Résumé

Théodore Aynard Tableaux généalogiques des familles Aunard et Jordan-Dugas avec notes préliminaires (1892)

Par ces lettres patentes de 1777, Jean-Baptiste Dugas, l'aîné, et son frère Jacques, sont déclarés nobles, eux et leurs descendants, masculins et féminins, à perpétuité, avec le droit aux armoiries, telles qu'elles sont réglées et blasonnées par le sieur d'Hozier de Serigny, juge des armes de France : Coupé au premier de gueules avec deux épées en sautoir d'or ; au deuxième d'azur à un arbre d'or.
Le roi dit d'une manière positive qu'il veut que la noblesse de J.-B. Dugas passe à sa postérité.
Source : Gallica

Théodore Aynard Tableaux généalogiques des familles Aunard et Jordan-Dugas avec notes préliminaires (1892)

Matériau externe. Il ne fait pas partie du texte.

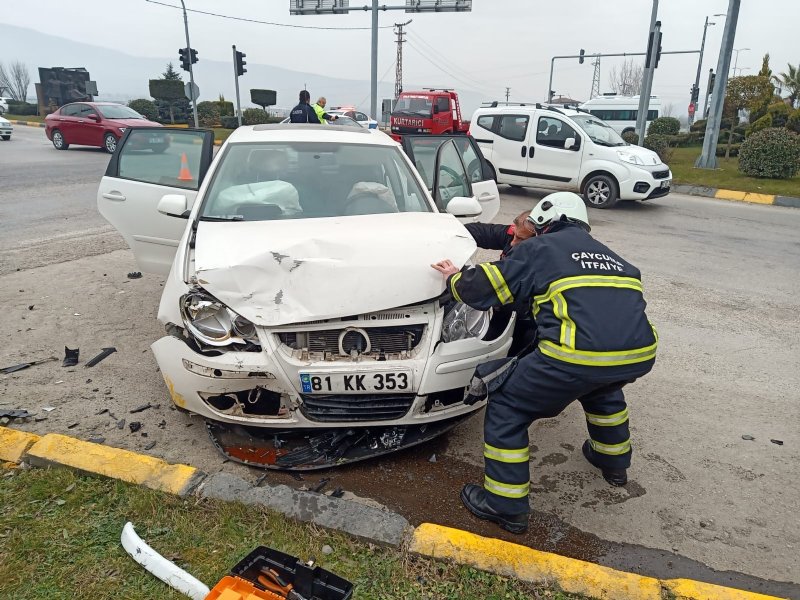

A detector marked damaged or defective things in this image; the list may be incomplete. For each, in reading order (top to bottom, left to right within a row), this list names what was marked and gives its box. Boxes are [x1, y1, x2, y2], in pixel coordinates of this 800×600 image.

broken headlight [180, 290, 260, 346]
crashed white car [98, 122, 512, 468]
crumpled hood [192, 212, 476, 326]
broken headlight [440, 300, 490, 342]
broken car part [1, 356, 57, 376]
broken car part [62, 346, 79, 366]
broken car part [85, 346, 116, 366]
broken car part [203, 414, 472, 472]
broken car part [120, 520, 211, 600] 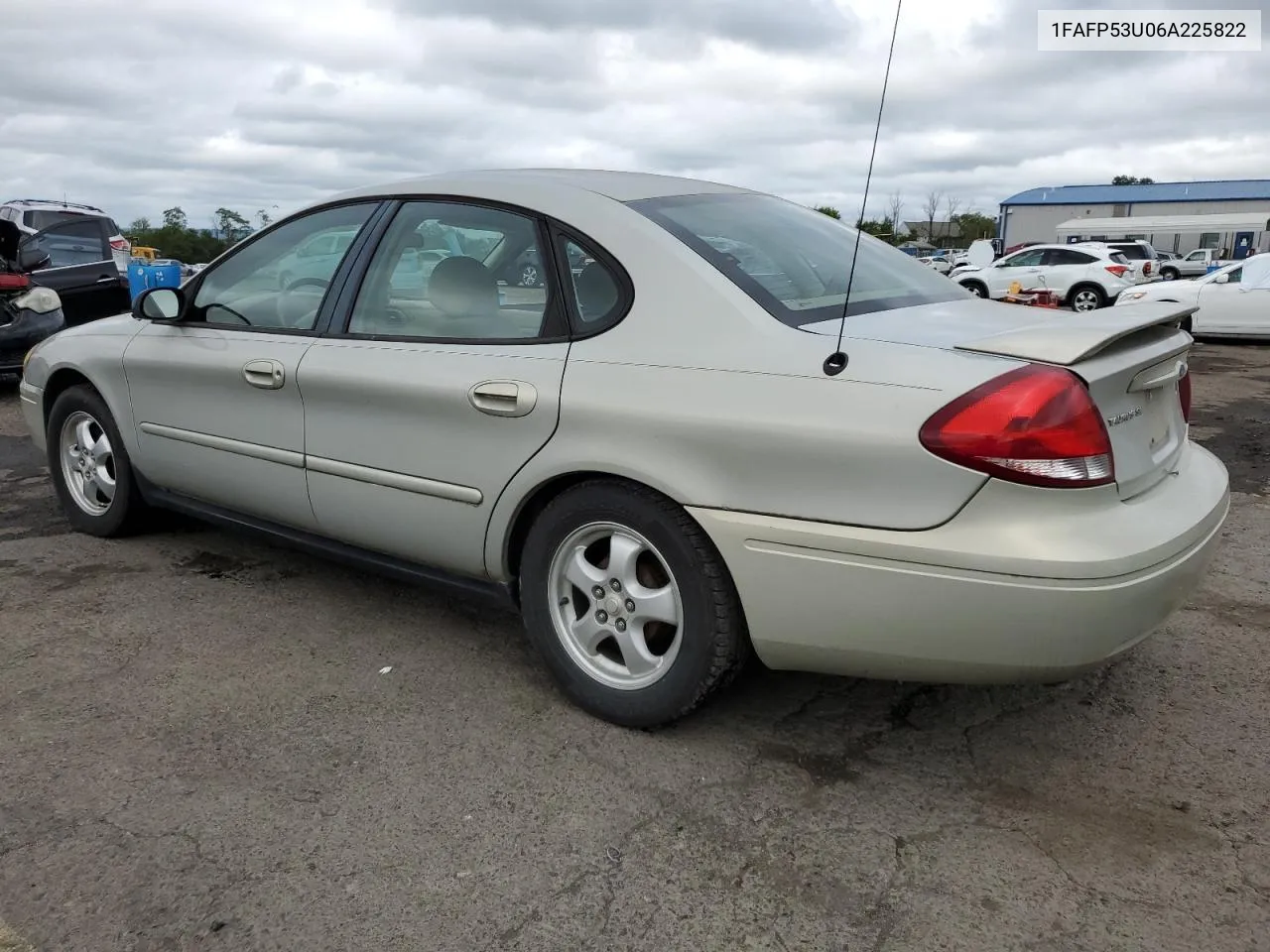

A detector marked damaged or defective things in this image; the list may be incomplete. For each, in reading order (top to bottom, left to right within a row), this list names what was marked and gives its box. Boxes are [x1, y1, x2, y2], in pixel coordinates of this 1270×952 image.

cracked pavement [0, 342, 1264, 952]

M. Tolozan de Montfort, prévôt des marchands, ayant fait construire la magnifique maison qui porte son nom et qui plus tard l'a donné au Port Saint-Clair, vint l'habiter avec sa famille et trouva que les foulons de M. Aynard l'empêchaient de dormir.
Alors comme dans la fable du loup et de l'agneau, la raison du plus fort fut... la plus forte et la suppression des foulons fut décidée.
Il en résulta un procès qui n'a jamais été définitivement jugé; la Révolution laissa la chose en suspens, faisant disparaître l'usine et son propriétaire, le persécuté et le persécuteur.
Source : Gallica

Théodore Aynard Tableaux généalogiques des familles Aunard et Jordan-Dugas avec notes préliminaires (1892)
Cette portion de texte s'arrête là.